Feelings of celebration, gratitude and hope dominated the Board of Pensions dinner Sunday at the 222nd General Assembly (2016) of the Presbyterian Church (U.S.A.).

Cynthia Jarvis opened the dinner with a prayer beginning, “Lord, we thank you for the Board of Pensions, for the way our lives are upheld and directed and secured even as they are upheld by your providential hand each day.”

Board Chair John Hamm recalled the agency’s long history of providing health care, disability insurance and clergy assistance, citing its founding mandate from 1717: “A fund for pious uses to care for widows and children of deceased Presbyterian clergy.”

“We currently have over $8 billion in our pension fund,” Hamm said, praising predecessor trustees for their contributions to the legacy and mission of the almost 300-year-old board.

Hamm said the 29-member board of directors, comprised of one-third clergy and two-thirds lay volunteers elected at the last four General Assemblies, “bring to the table the technical skills and talents we need to implement best practices.”

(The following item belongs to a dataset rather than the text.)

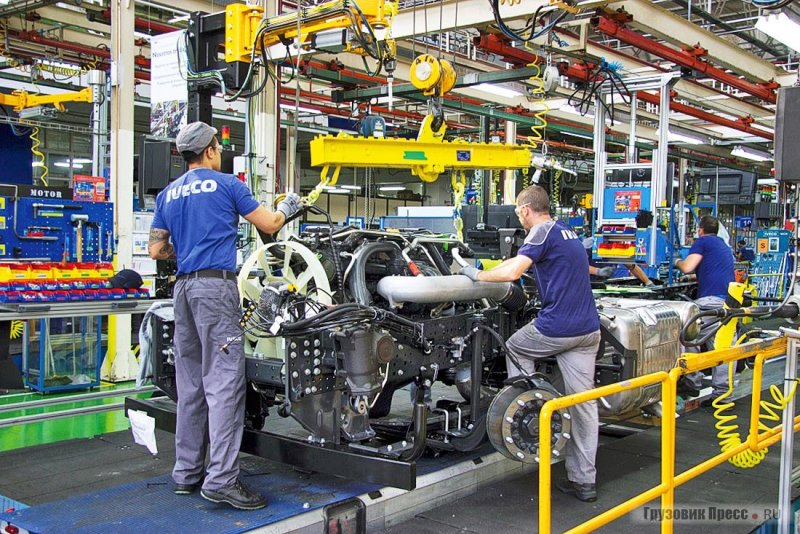 Iveco CNH Industrial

Frank Clark Spencer, the board president, noted highlights of the 2017 benefits plan and its three goals: Serve more, serve better and serve the church. “All three must be in alignment,” he said.

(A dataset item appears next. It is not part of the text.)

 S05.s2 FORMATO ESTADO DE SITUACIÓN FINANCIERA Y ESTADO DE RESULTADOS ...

“Serve more,” he said, “is a question of stewardship, plain and simple.” He noted that the number of people participating in Board of Pensions benefits has declined each year since reunification in 1987, and that fewer than 10 percent of non-clergy employees are now covered.

“The more we serve, the better buying power we have, the greater the array of benefits we can provide,” he said. “The Board of Pensions will indeed grow the number of people we serve with these new offerings.”

In serving better, he said the goal is “to serve as Christ would have us serve,” noting that “economics cannot define our values.”

Referring to the board’s recent work to develop a theology of benefits centered on wholeness, Spencer said: “God’s desire for God’s people is to experience shalom – wellness and health. It’s the ‘life abundant’ promised by Jesus.”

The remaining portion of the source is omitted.